Les origines post-guerre civile : un secteur dévasté par le conflit
La guerre civile (1975-1990) a ravagé les infrastructures énergétiques libanaises. Avant le conflit, le réseau électrique produisait 1200 mégawatts via des centrales hydroélectriques comme Qaraoun (190 MW) et des centrales thermiques à Zouk et Jiyeh, alimentées par du fioul bon marché importé d’Irak et d’Arabie saoudite. Cela suffisait pour 2,5 millions d’habitants et une économie dynamique. Mais 15 ans de guerre ont tout détruit : lignes de transmission coupées, réservoirs pillés, centrales endommagées. En 1990, après les accords de Taëf, la production d’EDL tombait à 600 mégawatts, contre une demande de 1000 mégawatts pour 4 millions d’habitants, incluant réfugiés et déplacés. Les pertes techniques atteignaient 40 %, un record mondial selon la Banque mondiale, et les coupures de 12 heures par jour sont devenues courantes. Les accords de Taëf ont instauré une paix fragile sans plan de reconstruction, transformant EDL en un outil politique où les postes clés étaient attribués par quotas confessionnels et les contrats aux alliés des ex-chefs de guerre.

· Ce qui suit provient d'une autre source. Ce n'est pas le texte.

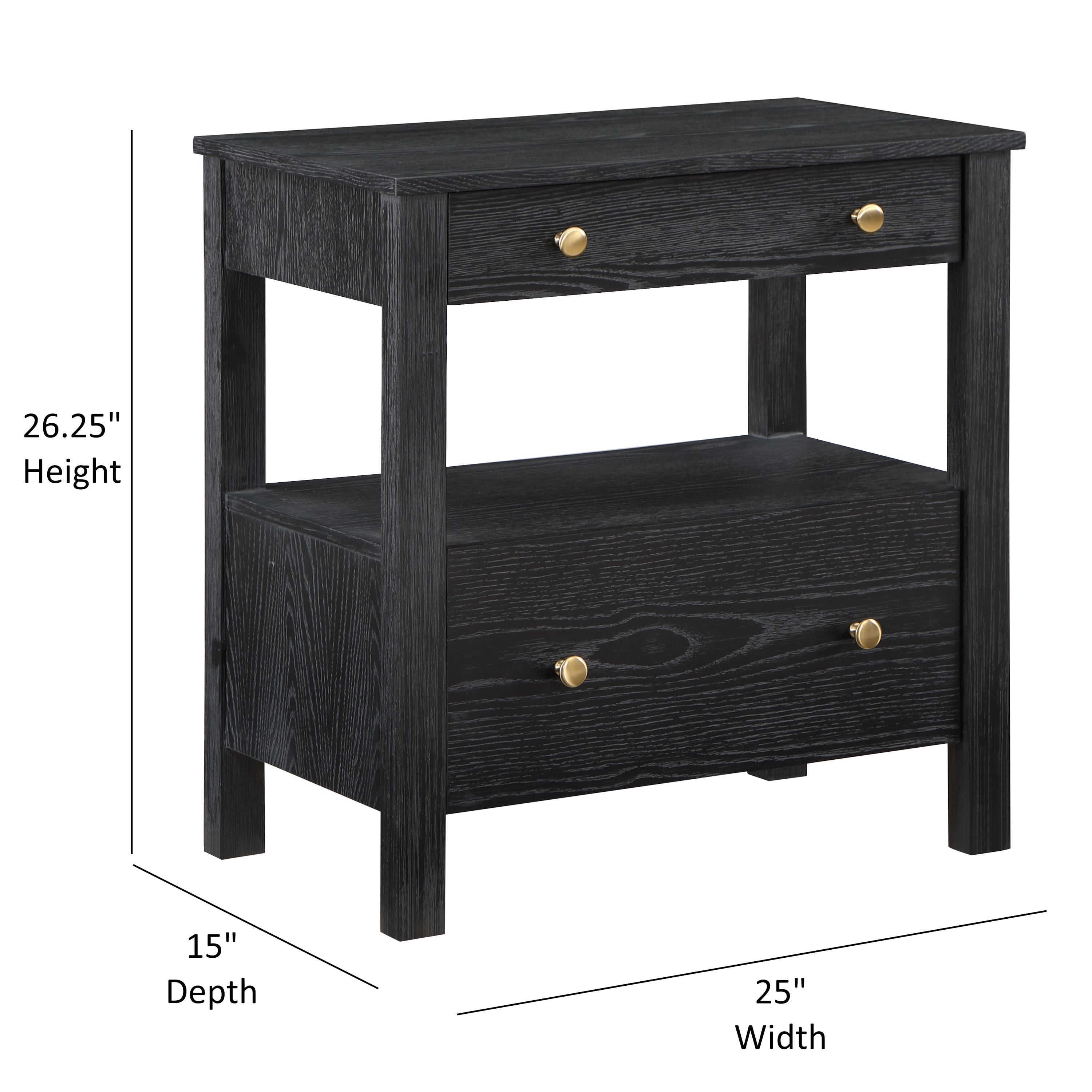 Danielle 2-Drawer Nightstand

La consommation doublant entre 1990 et 1995 à 4 tonnes d’équivalent pétrole par habitant, la crise s’est enracinée.
Les années 1990 et 2000 : une reconstruction en trompe-l’œil
L’arrivée de Rafic Hariri en 1992 a suscité un espoir avec « Horizon 2000 », visant à faire de Beyrouth un hub régional via des investissements étrangers et un taux fixe de 1507,5 LBP pour 1 USD. Les centrales de Zouk et Jiyeh ont été réhabilitées, atteignant 1200 MW en 2000 grâce à des prêts de la France et de la Banque européenne d’investissement, et des barges électriques louées à Karadeniz Holding ont ajouté 300 MW dès 1993 pour un coût annuel de 100 millions de dollars. Cependant, ces efforts ont été minés par une corruption déjà profondément ancrée, comme l’illustre l’expérience de Georges Frem, industriel à la tête d’INDEVCO et ministre de l’Électricité et des Ressources hydrauliques pendant un bref mandat de 50 jours dans les années 1990.

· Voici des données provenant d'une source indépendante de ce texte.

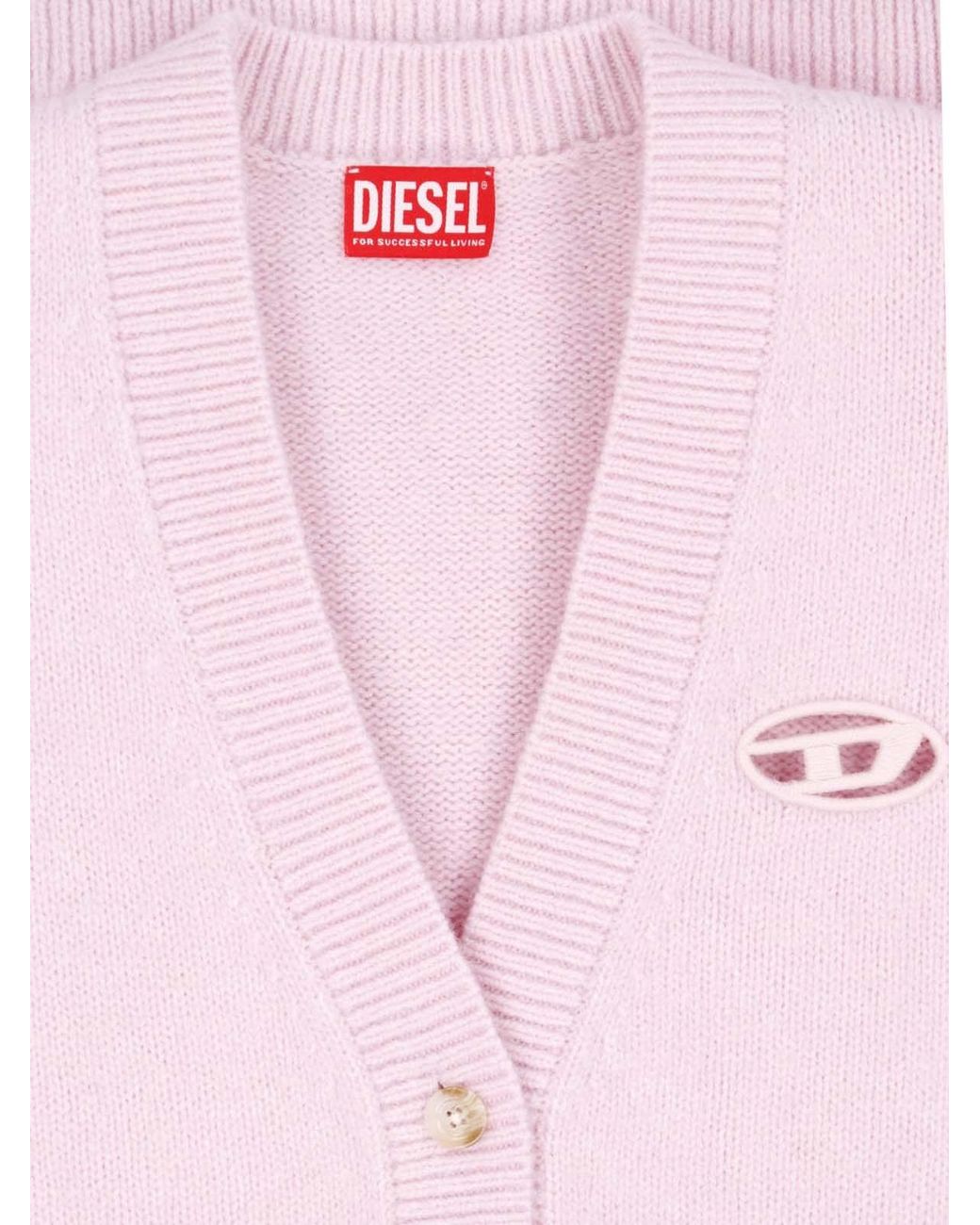 DIESEL Pink Oversized V-Neck Button Front Cardigan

Nommé pour superviser la reconstruction énergétique, Frem s’est heurté à une tentative de corruption lors d’un projet de modernisation de la centrale de Zouk. L’entreprise italienne Ansaldo avait proposé un contrat estimé à environ 50 millions de dollars, mais le coût incluait des commissions occultes de 20 à 30 % (10 à 15 millions de dollars), selon des estimations contextuelles de la Banque mondiale, destinées à un réseau d’hommes politiques influents, d’importateurs de fioul monopolistiques et de figures émergentes de la « mafia des générateurs ». Ces pots-de-vin visaient à enrichir des politiciens pour leurs clientèles, à gonfler les profits des importateurs via des prix surfacturés, et à poser les bases d’un système parallèle où les générateurs prospéreraient sur les failles d’EDL. Frem, fidèle à son principe qu’il faut du courage pour rester honnête, a rejeté l’accord et dénoncé publiquement cette corruption. Après seulement 50 jours, il a été poussé à la démission sous la pression de ces élites corrompues, révélant un pouvoir déjà capturé par des intérêts privés dans les années 1990.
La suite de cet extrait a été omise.